Now the conventional wisdom is that a low-turnout race favors an established political organization.

But the Cook County Democratic Party carried five of six contested countywide Circuit Court races, and one of the two contested races for the Appellate Court. Now, don't get me wrong: Six out of eight is not a bad percentage in any league. But if low turnout is supposed to favor the established political organization, one might have thought that this slate should have had the best possible chance for unanimous success. It's possible that unions and local organizations 'peeling off' some of their voters to try and derail Rauner may have have hurt the chances of the Party's slated candidate for the Gordon vacancy on the Appellate Court, Judge Freddrenna M. Lyle. That race wound up fairly close.

But in the race for the countywide Arnold vacancy, the Party's slated candidate lost to Bridget Anne Mitchell by 63,518 votes, 63.7% to 36.3%, a margin that was pretty consistent in city and suburbs both. There were some local variations, certainly: Mitchell got over 80% of the vote in her home ward, the 19th. But it wasn't a situation where the Party 'dumped' their candidate -- or where a lot of committeemen dumped their nominal candidate -- but, even so, the Party carried only one Chicago ward for their candidate in this race (Michael Madigan's 13th Ward -- and only by a margin of 51-49 there).

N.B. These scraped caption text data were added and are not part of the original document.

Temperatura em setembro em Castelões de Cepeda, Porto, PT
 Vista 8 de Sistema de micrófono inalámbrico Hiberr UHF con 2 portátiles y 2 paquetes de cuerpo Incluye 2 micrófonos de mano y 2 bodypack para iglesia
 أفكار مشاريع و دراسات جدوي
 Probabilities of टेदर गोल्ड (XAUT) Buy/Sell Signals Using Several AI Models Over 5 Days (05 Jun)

I'm going to go out on a limb here and suggest that -- at least in this election -- the greatest service provided by the Cook County Democratic Party for its slate was, in several cases, clearing the field -- driving out a number of candidates before the election, allowing five countywide Circuit Court candidates and one Appellate Court candidate to run unopposed.

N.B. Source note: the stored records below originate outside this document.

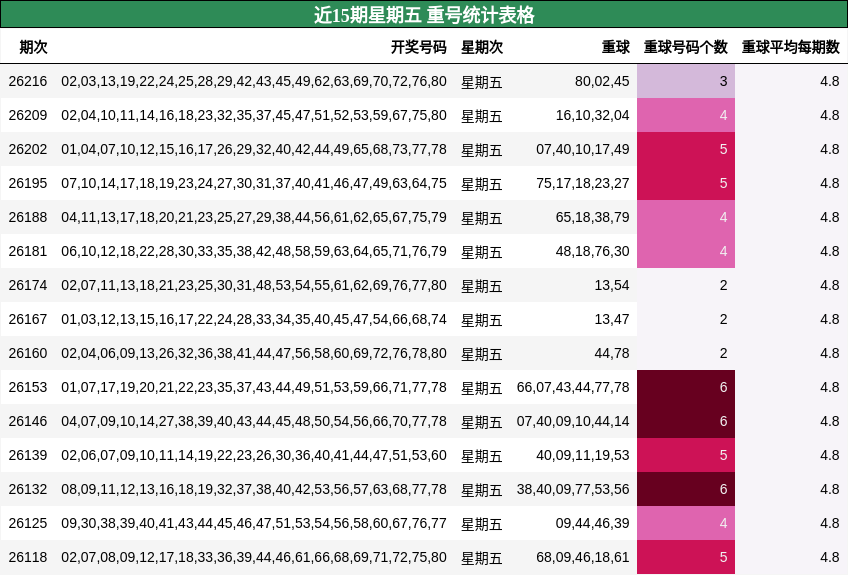 近15期星期五 重号统计表格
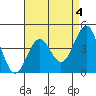 Tide chart for Mussel Shoals, California on 2023/05/4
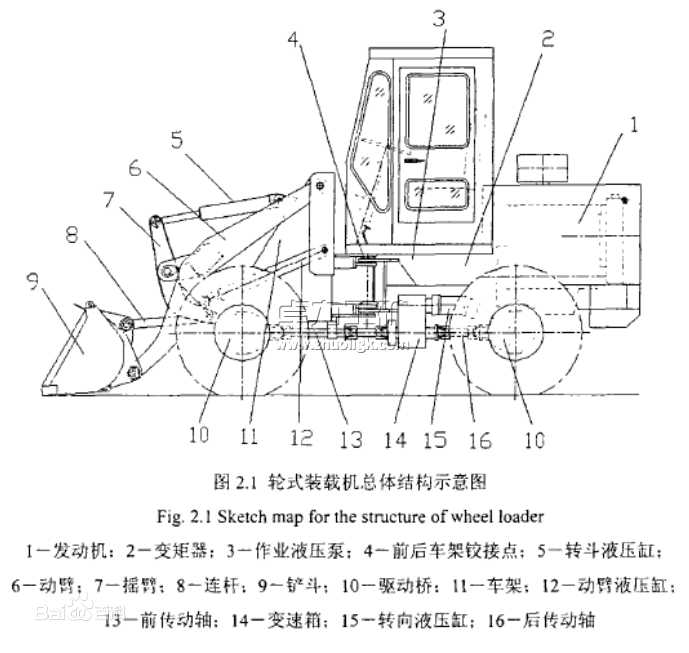 轮式装载机总体结构示意图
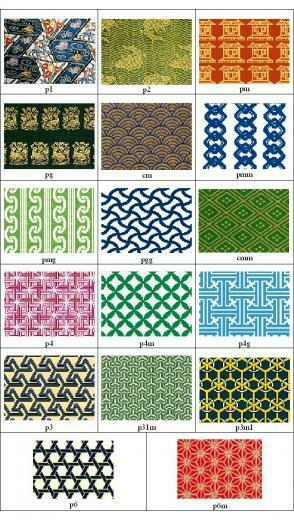 Symmetry Groups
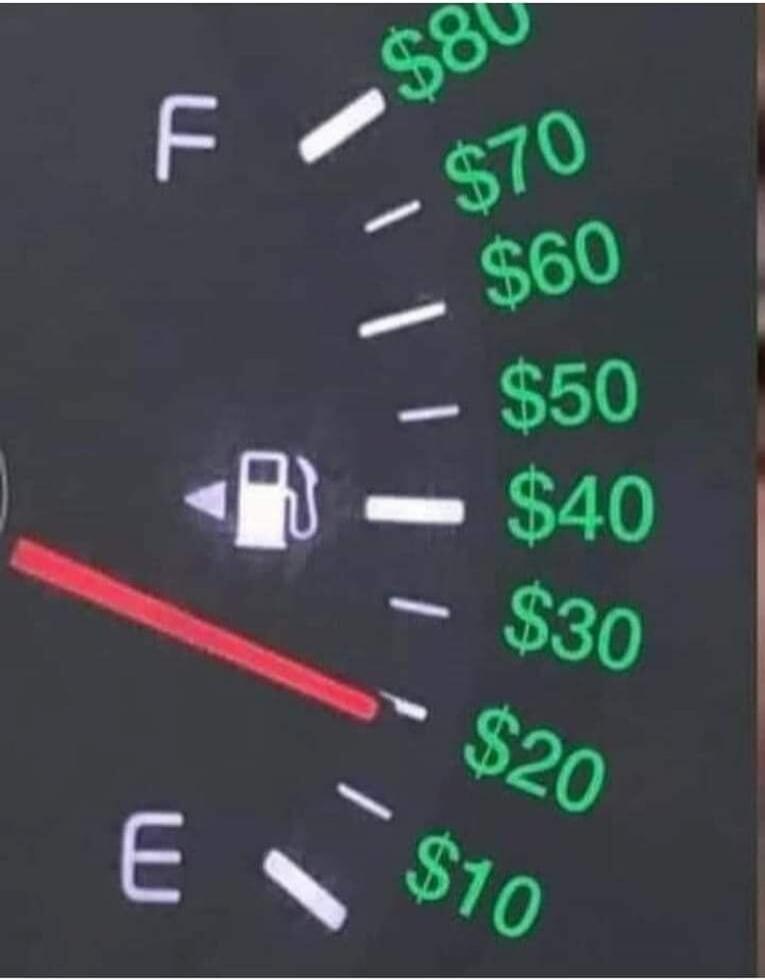 F $80 $70 $60 $50 $40 $30 $20 $10 E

Not far enough out on the limb for you?

Well, here's another modest proposal: This may have been an election in which the majority of judicial voters (the tiny group that they may have been) were making informed choices.

I can offer only the following fact in evidence: While many well qualified judicial candidates did not win their races, no candidate deemed unqualified or not recommended by all, or even the majority, of the evaluating bar associations won any judicial race, countywide or subcircuit. Now, you may counter that, in many races, there were only well qualified candidates on the ballot. And you may say that the highest rated candidates (at least in the collective estimation of the bar associations) did not always win their races. I can't argue that. And, if you want to argue that voters favored female candidates over males in judicial races, I can't argue that either. (The Party's slate may be said to have benefited from the fact that four of its six candidates in countywide Circuit Court races were female. The slated male candidate who won his race, William B. Raines, had three female opponents.)

Nevertheless, I'm still going to suggest that this may have been an election in which informed voters made an impact.

There is one other lesson I think we can draw from this primary just past and that concerns the need for more lawyers to step up and serve on bar association judicial evaluation committees. But this is an issue I want to devote an entire post to, and I intend to do so soon.